The Tower Season of Cinderella
Choreography by Christopher Hampson
St James Theatre
Wellington
With the Vector Wellington Orchestra
August 9
Then: Invercargill, August 14-15; Dunedin, August 18-19; Napier, August 23-25; Palmerston North, August 28-29; Takapuna, September 1-2; Auckland, September 5-9.
Marrying the prince of your dreams is probably one of the great universal aspirations of young girls, possibly coming second to marrying the pop star of your dreams.
It is what makes tales like Cinderella so appealing, combining all the romantic notions of love at first sight and true love overcoming all obstacles.
With its latest production of Cinderella, the Royal New Zealand Ballet has invested that story with all the romance, excitement and beauty one would expect, combining a fairystory, a tale of love and a fable about good triumphing over evil.
The production brings together sumptuous sets and costumes, some exceptional dancing by the soloists and the inspiring music of Prokofiev.
This Cinderella also manages to explore the darker, human dynamics behind the story with a moving opening tableau of her mother’s funeral.
Later her mother appears as her fairy godmother in a dream and prepares her for the ball.
Bronte Kelly is an entrancing Cinderella, managing to convey a variety of emotions with vivid expression and consummate dancing.
Her reverie the morning after the ball is an eloquent evocation of the event, presented with a mixture of tentative steps and soft, languid movements.
She achieved some enthusiastic dancing during the ballroom sequence with the Prince (Brendan Bradshaw) and some mesmeric, rapturous work in the romantic finale.
Bradshaw showed superb athleticism and a dynamic technique which dominated the ballroom sequence.
His dancing before the arrival of Cinderella was particularly effective in expressing the weariness and emptiness of his life, providing a marked contrast to his later thrilling performance with Cinderella.

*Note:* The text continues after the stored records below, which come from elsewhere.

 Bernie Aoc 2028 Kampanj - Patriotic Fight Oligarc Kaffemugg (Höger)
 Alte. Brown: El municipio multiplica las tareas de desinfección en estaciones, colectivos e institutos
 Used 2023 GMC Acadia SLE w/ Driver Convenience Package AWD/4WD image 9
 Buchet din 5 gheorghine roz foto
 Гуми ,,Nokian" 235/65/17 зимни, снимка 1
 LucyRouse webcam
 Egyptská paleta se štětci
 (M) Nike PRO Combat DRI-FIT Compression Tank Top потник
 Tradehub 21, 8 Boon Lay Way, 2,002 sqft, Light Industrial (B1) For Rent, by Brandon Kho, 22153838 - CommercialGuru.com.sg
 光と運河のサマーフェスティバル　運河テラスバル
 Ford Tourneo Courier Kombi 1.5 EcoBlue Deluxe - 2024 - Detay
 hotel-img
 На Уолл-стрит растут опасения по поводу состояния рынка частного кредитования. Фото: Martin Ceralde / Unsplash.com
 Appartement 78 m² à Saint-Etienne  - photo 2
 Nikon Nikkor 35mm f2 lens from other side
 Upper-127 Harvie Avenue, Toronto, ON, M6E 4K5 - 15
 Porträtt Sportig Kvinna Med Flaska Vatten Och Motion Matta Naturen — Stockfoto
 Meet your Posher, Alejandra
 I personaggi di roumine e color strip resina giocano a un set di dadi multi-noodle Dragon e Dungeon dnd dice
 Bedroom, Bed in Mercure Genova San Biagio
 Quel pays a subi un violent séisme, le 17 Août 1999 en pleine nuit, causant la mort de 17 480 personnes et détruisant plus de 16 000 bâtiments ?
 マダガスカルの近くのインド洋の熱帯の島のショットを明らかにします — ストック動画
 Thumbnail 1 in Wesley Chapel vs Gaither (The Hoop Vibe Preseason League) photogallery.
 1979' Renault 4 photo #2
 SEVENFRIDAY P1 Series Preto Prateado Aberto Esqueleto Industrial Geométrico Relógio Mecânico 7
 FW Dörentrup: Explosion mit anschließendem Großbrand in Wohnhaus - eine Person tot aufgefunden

The pair were stunning in their duos, with Kelly displaying an elegance of line balance and movement, while Bradshaw appeared carry and lift her as though she were a feather.
The two stepsisters, the Tall (Abigail Boyle) and Short (Katherine Grange), are not so much ugly as socially incompetent and their attempts to be worldly and sophisticated are brilliantly comical, their antics almost stealing Cinderella’s limelight.
Their clowning at the ball and their more refined dancing with the Prince's attendants were displays by supremely accomplished performers.
The sets by Tracy Grant Lord provide a simple, cloying interior for the family home and an elaborate setting for the ball, and the costumes are a perfect match for the mixture of magical, bizarre and sumptuous.
The fabulous gem-encrusted tutu Cinderella wears to the ball sets her apart from the crowd but looks as though she misread the dress code on the invitation (which, of course, the stepmother had thrown away).
Qi Huan as Cinderella’s father was effective in his slightly tipsy duo with Cinderella and lively when dancing with Maree White, whose performance as the petulant stepmother was always well judged, edgy and tense.
Paul Mathews was excellent as the foppish Dancing Master and Sir Jon Trimmer gave another entertaining cameo performance as the Shoemaker.
The corps de ballet, particularly in the ballroom scene with their voluptuous gowns, was excellent, providing well-co-ordinated waves of elegant movement.
The Vector Wellington Orchestra under Marc Taddei was in fine form playing Prokofiev's evocative score.
Writing this great romantic ballet the closing stages of the disastrous Second World War, Prokofiev could well have seen it as a metaphor for the state of Russia, with the death of Cinderella’s mother and what follows as a metaphor for the death and rebirth of the motherland.
The Stepmother could be seen as being some female equivalent of Ivan the Terrible, as the compsor was writing the score for the film at the same time as the Cinderella ballet music.